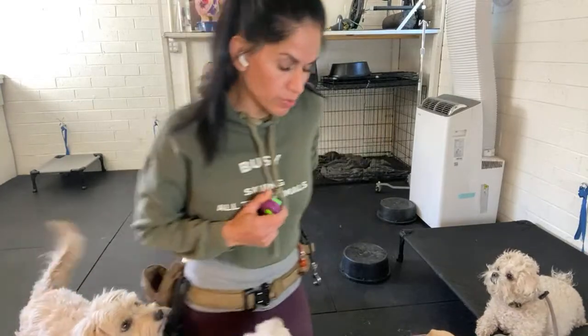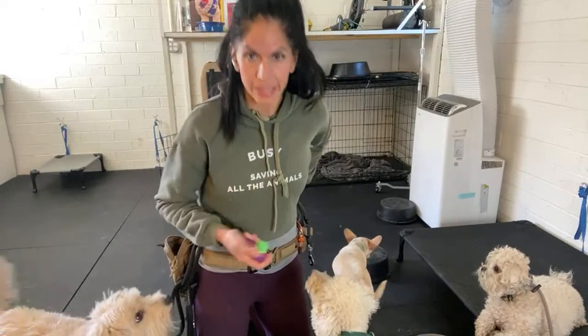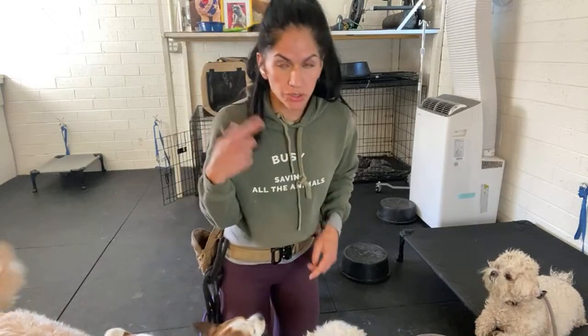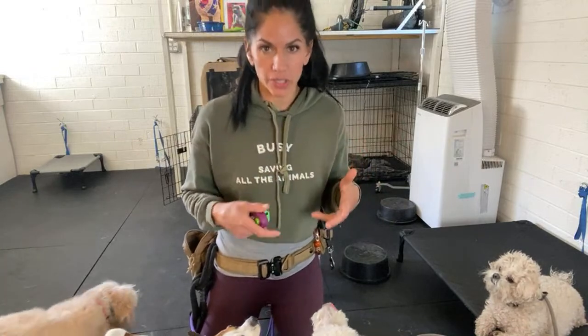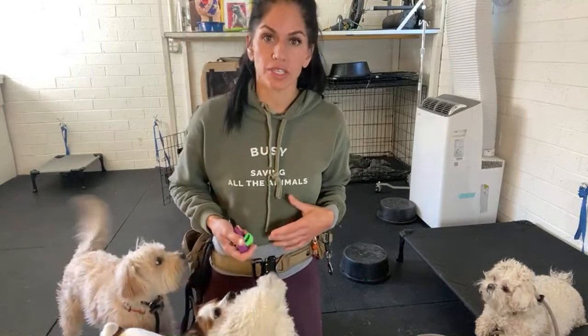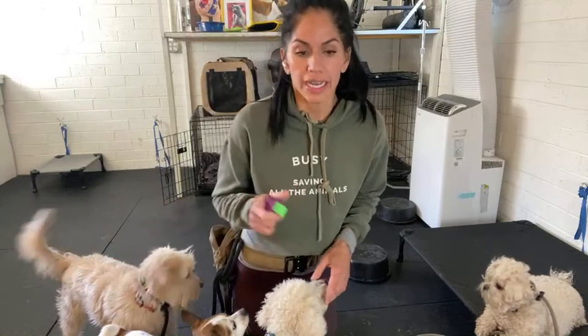When I'm paying a dog with food you'll always hear me say 'yes,' and I try to keep that consistent. I want the dog to know what happened was exactly what I was looking for, so they hear that word and automatically think something good is coming. Eventually I'm going to wean the food away and just use my enthusiasm and my word, but in the beginning I'm using that word.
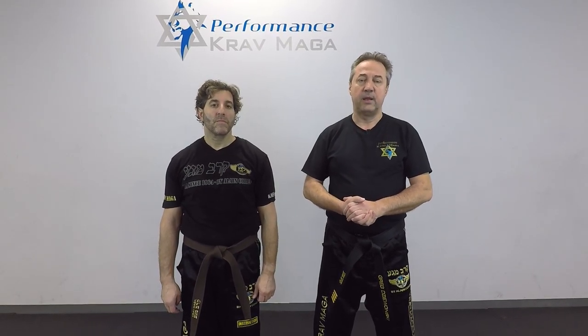Hello everyone, this is Greg Jowanski from Krav Maga Federation of America. Today I'm here with instructor Eugene with Performance Krav Maga of Turnersville, and we're going to show you how to defend against the choke from the back, but also with a push. Okay? Follow us.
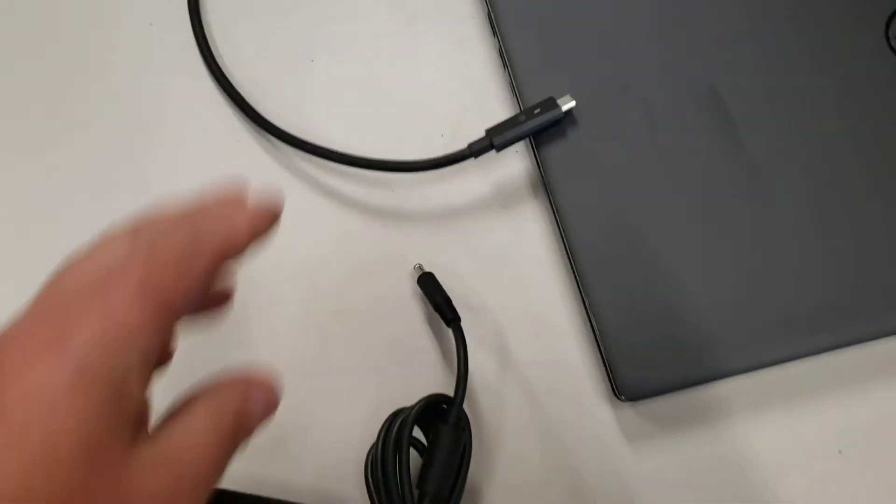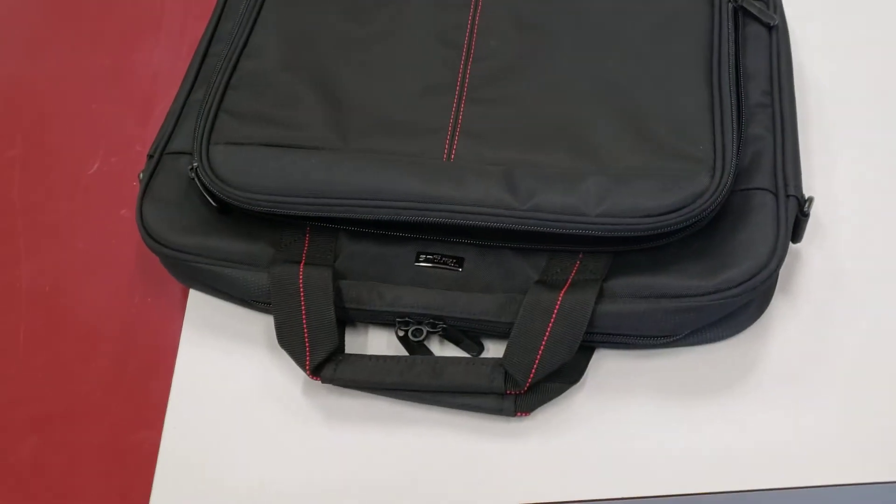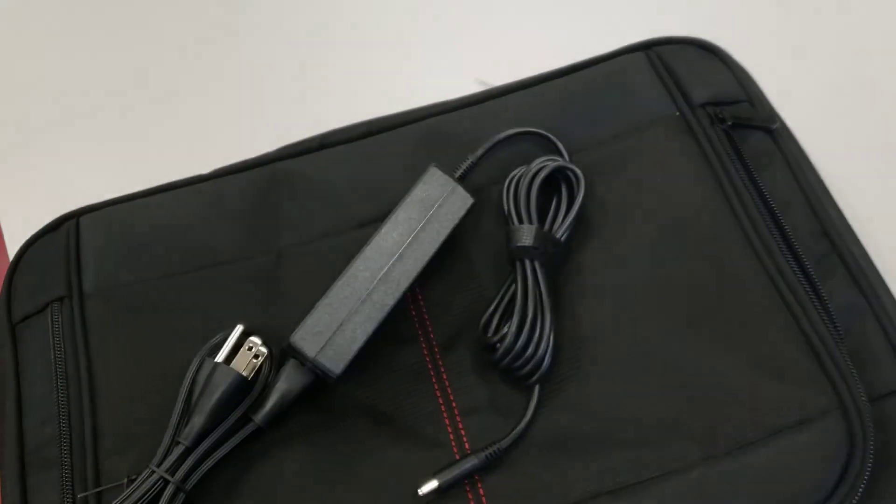Don't take the whole docking station, because you won't need that to charge it at home or anywhere else. There's a separate charger that is in the front pocket of the laptop bag that you've been provided.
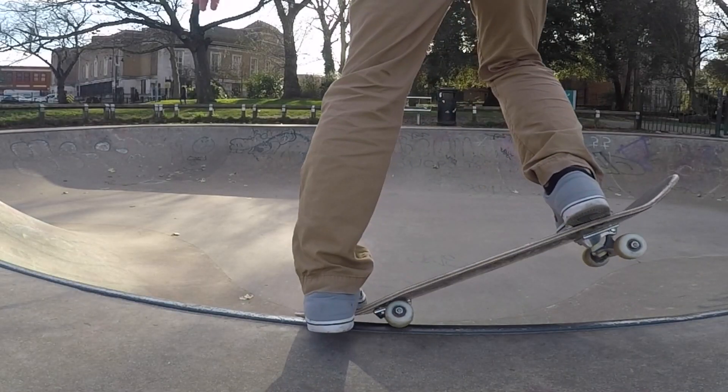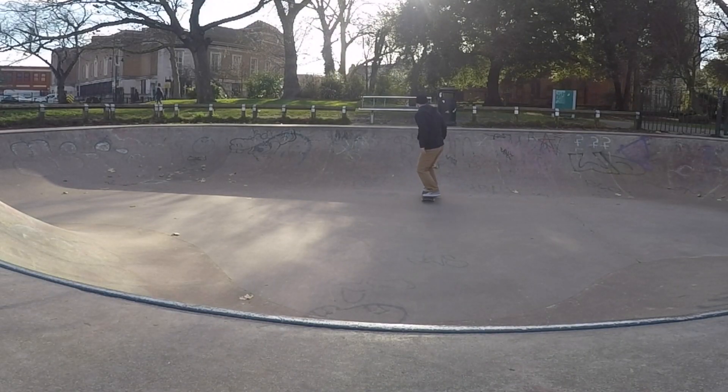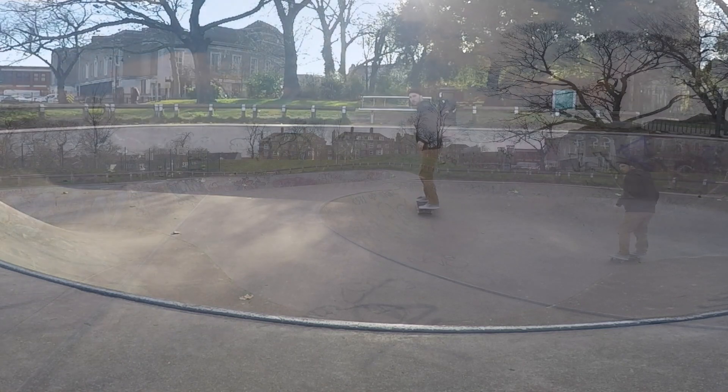So now your truck should be on the top of the coping. Keep your balance over your front truck and bend your back to keep your balance.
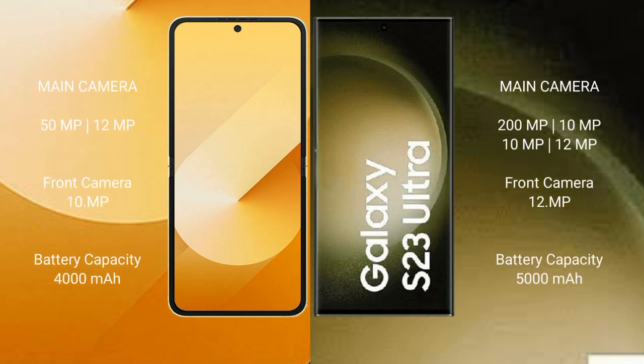The Samsung Galaxy Z Flip 6 features a dual rear camera setup with a 50MP main camera and a 12MP secondary camera. The Samsung Galaxy S23 Ultra features a quad rear camera setup with a 200MP main camera plus 10MP and 12MP additional lenses.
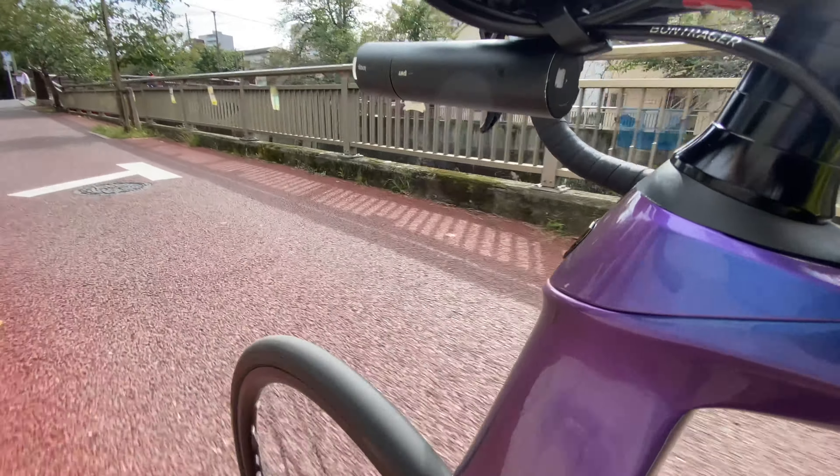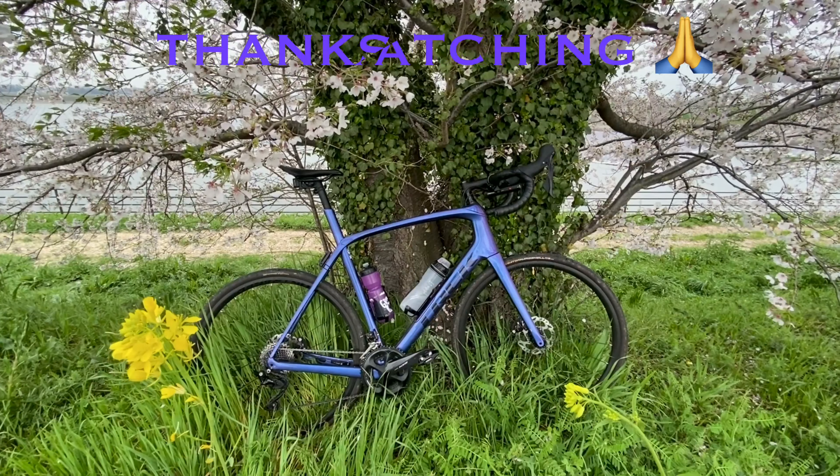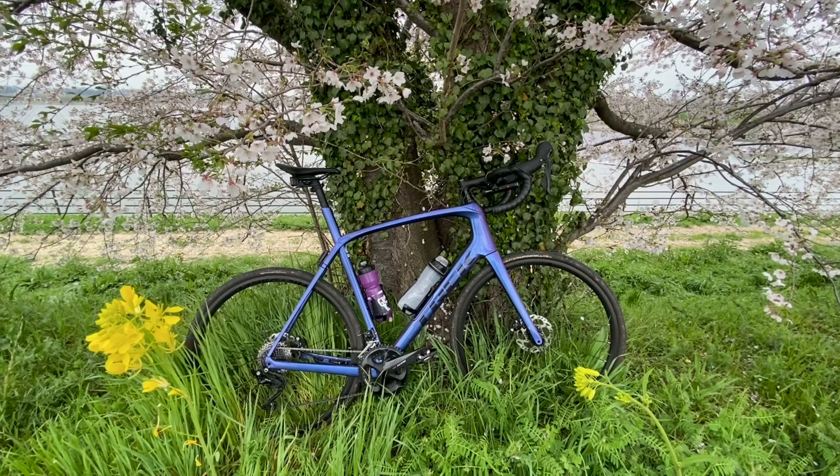If you want to check out more of my cycling videos, please take a look at my channel. I'll be making a long-term review video shortly, but if you want to see more Trek Domane videos, please leave a comment, give me a thumbs up — thanks for watching.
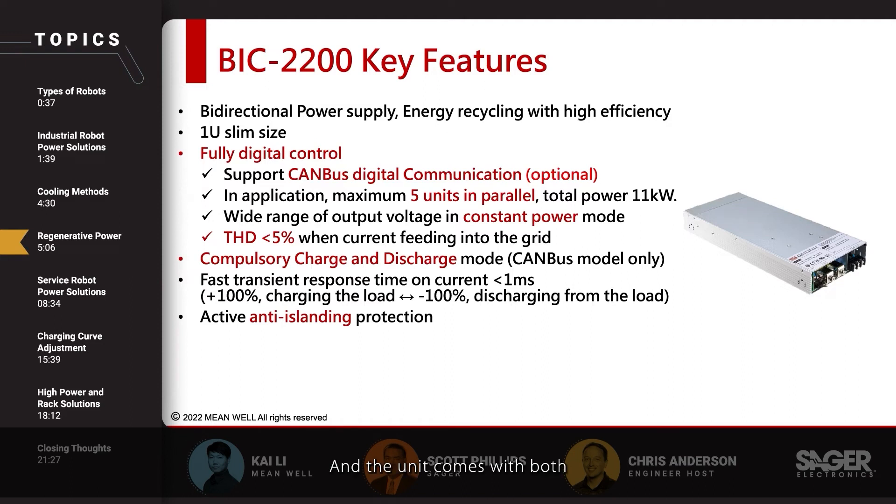The unit comes with both an automatic operation mode for AC to DC and DC to AC operation, as well as a forced or controlled mode that is available on the CANBUS model only.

### EXERCISE BRIEF
The lines from the one holding "Hello everyone, this" through the end of the material above are to be echoed exactly, both ends included. Do not include pictures.

### RESPONSE
Hello everyone, this is Greg Jowanski from Krav Maga Federation of America. Today I'm here with instructor Eugene with Performance Krav Maga of Turnersville, and we're going to show you how to defend against the choke from the back, but also with a push. Okay? Follow us.
Don't take the whole docking station, because you won't need that to charge it at home or anywhere else. There's a separate charger that is in the front pocket of the laptop bag that you've been provided.
So now your truck should be on the top of the coping. Keep your balance over your front truck and bend your back to keep your balance.
The Samsung Galaxy Z Flip 6 features a dual rear camera setup with a 50MP main camera and a 12MP secondary camera. The Samsung Galaxy S23 Ultra features a quad rear camera setup with a 200MP main camera plus 10MP and 12MP additional lenses.
If you want to check out more of my cycling videos, please take a look at my channel. I'll be making a long-term review video shortly, but if you want to see more Trek Domane videos, please leave a comment, give me a thumbs up — thanks for watching.
The unit comes with both an automatic operation mode for AC to DC and DC to AC operation, as well as a forced or controlled mode that is available on the CANBUS model only.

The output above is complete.